Parliament adopts new transparency rules for political advertising  

Press Releases 
  • More information about political adverts will help voters make informed choices 
  • Protection of freedom of expression and personal data  
  • Ban on sponsoring ads from outside the EU ahead of elections  

The new rules will aim to enhance citizens’ trust in election campaigns and help fight against disinformation and foreign interference.

On Tuesday, Parliament adopted new rules on transparency and targeting of political advertising, which will make election and referenda campaigns more transparent and resistant to interference. The new rules will regulate political advertisements, notably online ads, while also providing for a framework for political actors to advertise more easily across the EU.

Greater transparency and accountability

Under the new rules, political advertising will have to be clearly labelled. Citizens, authorities and journalists will be able to easily obtain information on whether they are being targeted with an ad, who is paying for it, how much is being paid, and to which elections or referendum it is linked. All political advertising and related information will be stored in a public online repository.

To limit foreign interference in European democratic processes, sponsoring ads from outside the EU will be prohibited in the three-month period before an election or referendum.

Regulating targeting strategies

In order to protect voters from manipulation, targeting and amplification techniques will only be possible for online political advertising based on personal data collected from the subject once their explicit and separate consent has been given. Special categories of personal data (e.g. ethnicity, religion, sexual orientation) or minors’ data cannot be used.

Protecting freedom of expression

The rules only concern remunerated political advertisements. They do not affect the content of political ads nor rules on conduct and financing of political campaigns. Personal views, political opinions, such as any unsponsored journalistic content, or communication on the organisation and participation in elections (e.g. announcements of candidates) by official national or EU sources are not impacted.


Rapporteur Sandro Gozi (Renew, FR) said: “Digital technologies make citizens more vulnerable to disinformation and foreign interference. Now more than ever, it is crucial to safeguard our democratic and electoral processes. The rules adopted today play a pivotal role in helping citizens discern who is behind a political message and make an informed choice when they head to the polls. With the European elections approaching, we urge all major online platforms to start applying the new rules as soon as possible and ensure the digital space remains a safe place to exchange political ideas and opinions”.

Press conference

The rapporteur held a press conference after the plenary vote on new rules on transparent and secure political advertising.
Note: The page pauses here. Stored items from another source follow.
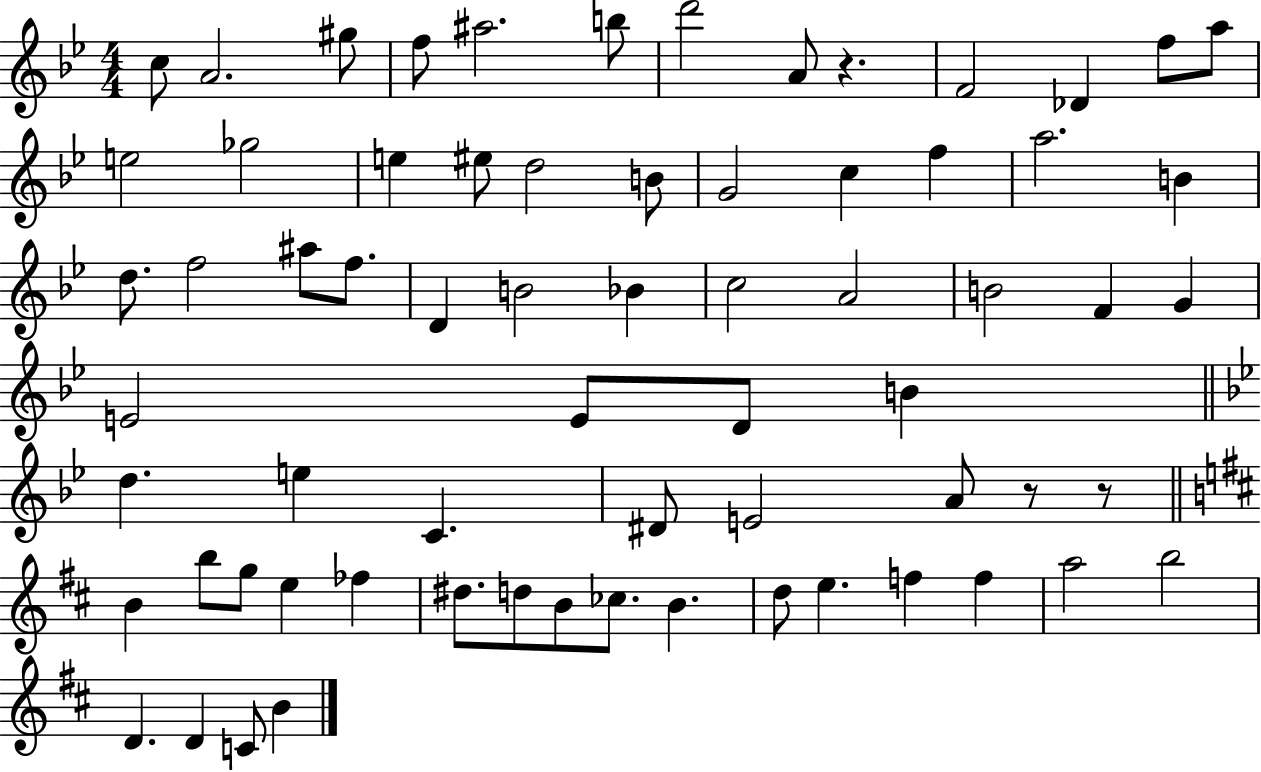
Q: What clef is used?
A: treble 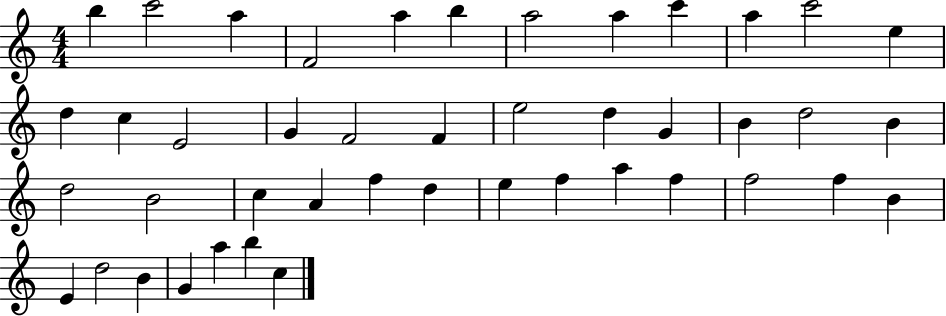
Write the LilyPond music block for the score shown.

{
  \clef treble
  \numericTimeSignature
  \time 4/4
  \key c \major
  b''4 c'''2 a''4 | f'2 a''4 b''4 | a''2 a''4 c'''4 | a''4 c'''2 e''4 | \break d''4 c''4 e'2 | g'4 f'2 f'4 | e''2 d''4 g'4 | b'4 d''2 b'4 | \break d''2 b'2 | c''4 a'4 f''4 d''4 | e''4 f''4 a''4 f''4 | f''2 f''4 b'4 | \break e'4 d''2 b'4 | g'4 a''4 b''4 c''4 | \bar "|."
} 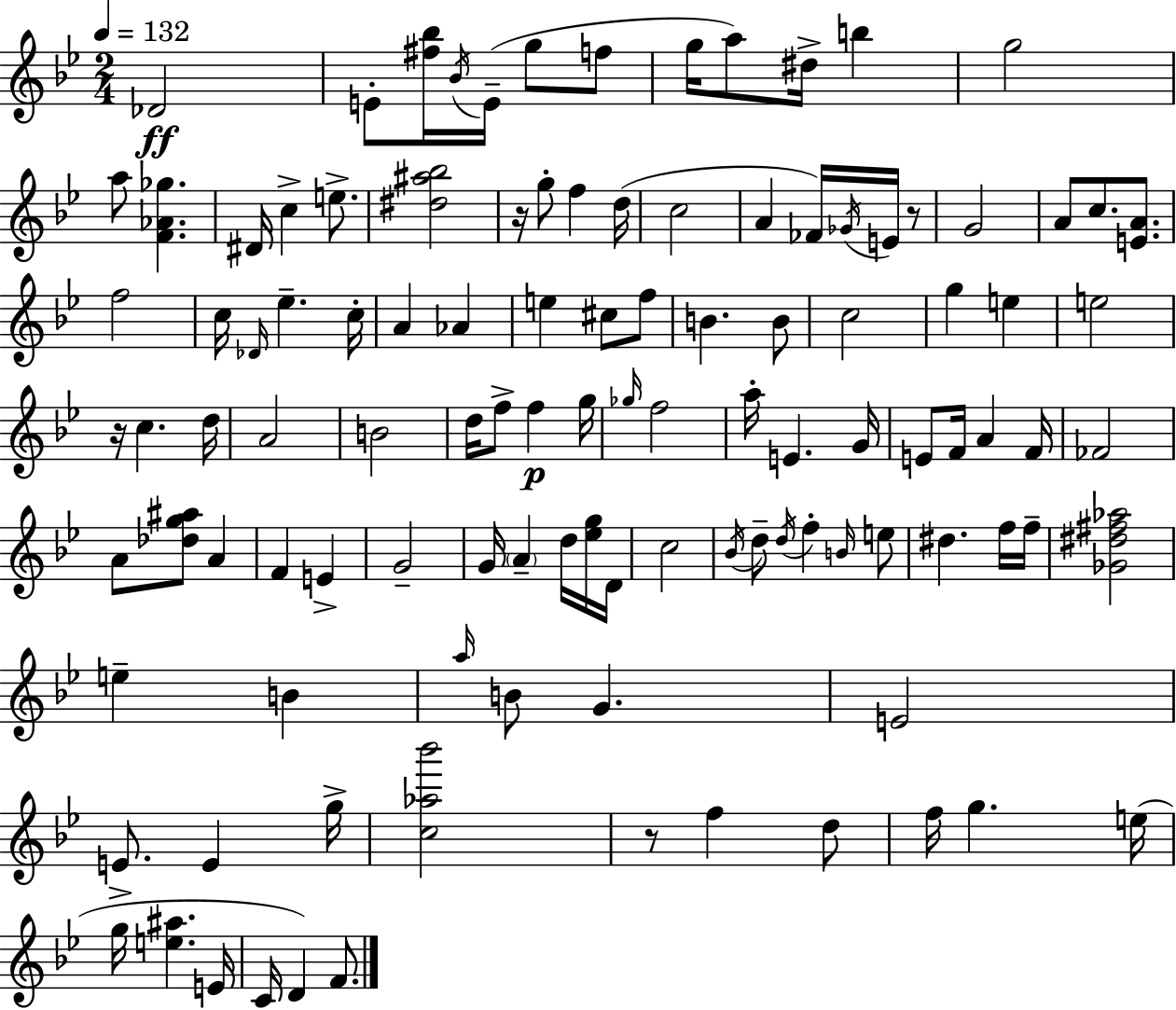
{
  \clef treble
  \numericTimeSignature
  \time 2/4
  \key bes \major
  \tempo 4 = 132
  des'2\ff | e'8-. <fis'' bes''>16 \acciaccatura { bes'16 }( e'16-- g''8 f''8 | g''16 a''8) dis''16-> b''4 | g''2 | \break a''8 <f' aes' ges''>4. | dis'16 c''4-> e''8.-> | <dis'' ais'' bes''>2 | r16 g''8-. f''4 | \break d''16( c''2 | a'4 fes'16) \acciaccatura { ges'16 } e'16 | r8 g'2 | a'8 c''8. <e' a'>8. | \break f''2 | c''16 \grace { des'16 } ees''4.-- | c''16-. a'4 aes'4 | e''4 cis''8 | \break f''8 b'4. | b'8 c''2 | g''4 e''4 | e''2 | \break r16 c''4. | d''16 a'2 | b'2 | d''16 f''8-> f''4\p | \break g''16 \grace { ges''16 } f''2 | a''16-. e'4. | g'16 e'8 f'16 a'4 | f'16 fes'2 | \break a'8 <des'' g'' ais''>8 | a'4 f'4 | e'4-> g'2-- | g'16 \parenthesize a'4-- | \break d''16 <ees'' g''>16 d'16 c''2 | \acciaccatura { bes'16 } d''8-- \acciaccatura { d''16 } | f''4-. \grace { b'16 } e''8 dis''4. | f''16 f''16-- <ges' dis'' fis'' aes''>2 | \break e''4-- | b'4 \grace { a''16 } | b'8 g'4. | e'2 | \break e'8.-> e'4 g''16-> | <c'' aes'' bes'''>2 | r8 f''4 d''8 | f''16 g''4. e''16( | \break g''16 <e'' ais''>4. e'16 | c'16 d'4) f'8. | \bar "|."
} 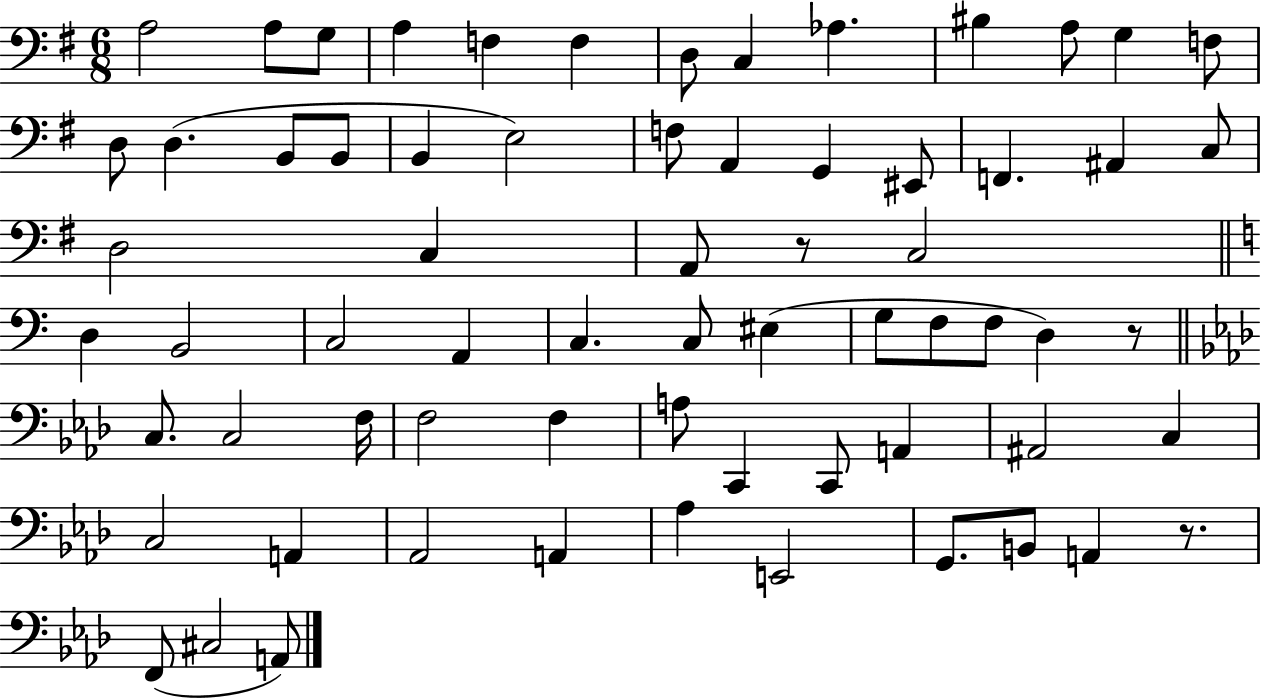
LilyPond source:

{
  \clef bass
  \numericTimeSignature
  \time 6/8
  \key g \major
  a2 a8 g8 | a4 f4 f4 | d8 c4 aes4. | bis4 a8 g4 f8 | \break d8 d4.( b,8 b,8 | b,4 e2) | f8 a,4 g,4 eis,8 | f,4. ais,4 c8 | \break d2 c4 | a,8 r8 c2 | \bar "||" \break \key c \major d4 b,2 | c2 a,4 | c4. c8 eis4( | g8 f8 f8 d4) r8 | \break \bar "||" \break \key aes \major c8. c2 f16 | f2 f4 | a8 c,4 c,8 a,4 | ais,2 c4 | \break c2 a,4 | aes,2 a,4 | aes4 e,2 | g,8. b,8 a,4 r8. | \break f,8( cis2 a,8) | \bar "|."
}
Watch it on replay here.

Next steps

Following the adoption in plenary (with 470 in favour to 50 against and 105 abstentions), Council needs to formally adopt the text next.

The rules will apply 18 months after the entry into force, while the definitions and measures on the non-discriminatory provision of cross-border political advertising (including for European political parties and political groups) will apply already 20 days after the publication in the EU Official Journal.

With these rules, Parliament is responding directly to citizens’ concerns about a safe and trustworthy digital society, notably proposal 33 (5) from the report on Conference on the Future of Europe.